仕事に追われる日々を少しだけ立ち止まって見つめてみると・・・

松川の塔。

2019-08-15 05:10:17 | 出来事

写真は、松川の塔。

東北本線松川駅から線路沿いを福島駅に向かって歩いて行くと、この塔と遭遇する。上り線のすぐ脇に立っている。

 

1949年8月17日午前3時9分  この西方200米の地点で、突如 旅客列車が脱線転覆し乗務員3名が殉職した事件が起こった。何者かが人為的に引き起こした事故であることが明瞭であった。どうしてかかる事件が起こったか。朝鮮戦争が始められようとしていたとき、この国はアメリカの占領下にあって吉田内閣は、二次に渡って合計9万7千名という国鉄労働者の大量馘首を強行した。かかる大量馘首に対して、国鉄労働組合は反対闘争に入った。

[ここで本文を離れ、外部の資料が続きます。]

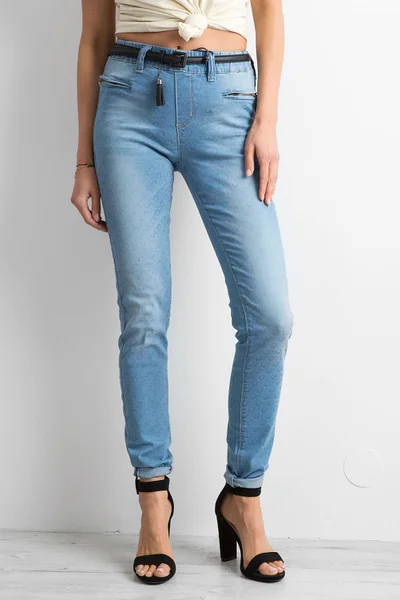 Dámské modré džíny s malými vzory FPrice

その機先を制するように、何者かの陰謀か、下山事件、三鷹事件及びこの松川列車転覆事件が相次いで起こり、それが皆労働組合の犯行であるかのように巧みに新聞、ラジオで宣伝せれたため、労働組合は出ばなを挫かれ、労働組合は遺憾ながら十分な反対闘争を展開することが出来なかった。

この列車転覆の真犯人を、官憲は捜査しないのみか、国労福島支部の労働者10名、当日同じく馘首反対闘争中であった東芝松川工場の労働者10名、合わせて20名の労働者を逮捕し、裁判にかけ、彼等をを犯人にしたて、死刑無期を含む重刑を宣告した。この官憲の理不尽な暴圧に対して、俄然人民は怒りを勃発し、階級を超え、思想を超え、真実と正義のために結集し、全国津々浦々に至るまで、松川被告を救えという救援運動に立ち上がったのである。この人民結束の規模の大きさは、日本ばかりではなく世界の歴史に未曾有のことであった。救援は海外からも寄せられた。

かくして14年の闘争と5回の裁判とを経て、終に1963年9月12日全員無罪の完全勝利を勝ち取ったのである。

人民が力を結集すると如何に強力になるかということの、これは人民勝利の記念塔である。

 

今、当時の熱を感じることは出来ない。

時の流れと言ってしまえば、それまでだろう。

でもそれでは駄目なような気もする。

かつて寺山修司は、

「書を捨て、町へ出よう」

といった。

「iPadを捨て、町へ出よう」

石には何か刻まれているはずだから。